Anyone would thank taxpayers if the federal income tax rate were more progressive, and the refundable tax credit adjusted upward. Even in famous Matthew 25::14-30, one servant gets five talents, and makes other five talents. Another servant gets two talents, and makes other two talents. Finally the servant with one talent gets nothing, and cast out. The next dissmissable servant has four talents.
More to the matter, in the manner of the Pythagorean Theorem, the household should have been enriched 8 talents, but was only enriched seven. The Square Root of five squared, plus the square root of five squared, is five talents, with no portions or decimals, (which didn't exist for another thousand years or so, at any rate, in that neighborhood).
If the household intends to get less and less with each successive, distribution, then it will collapse. In fact, the loss of one servant was probably horrific as a story at any rate: To anyone who understood the buying and selling of household servants at the time.

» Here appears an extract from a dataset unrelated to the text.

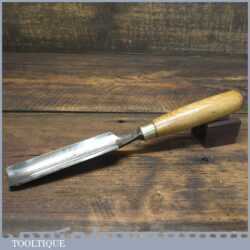 Vintage F. Woodcock Carpenter’s 1 3⁄16” Gouge Chisel - Sharpened Honed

The law in pay raises, interest and dividend contracts, and so on: Tends to the fixed percentage pay basis shown in Matthew 25::14-30. It is Matthew 20::1-16, which has the equal amount, refundable concept. The first get the same as the last.
In the Matthew 25::14-30 concept, the rich keep it all, and the household gets successively less. And it's just arithmetic. That particular household did not have the refundable tax credit concept, of the other one in Matthew.
"Crow, James Crow: Shaken, Not Stirred!"
(Ancient Jewish people tell strange stories, using math of Greater deities of Greece, like is in the Pythagorean religion!)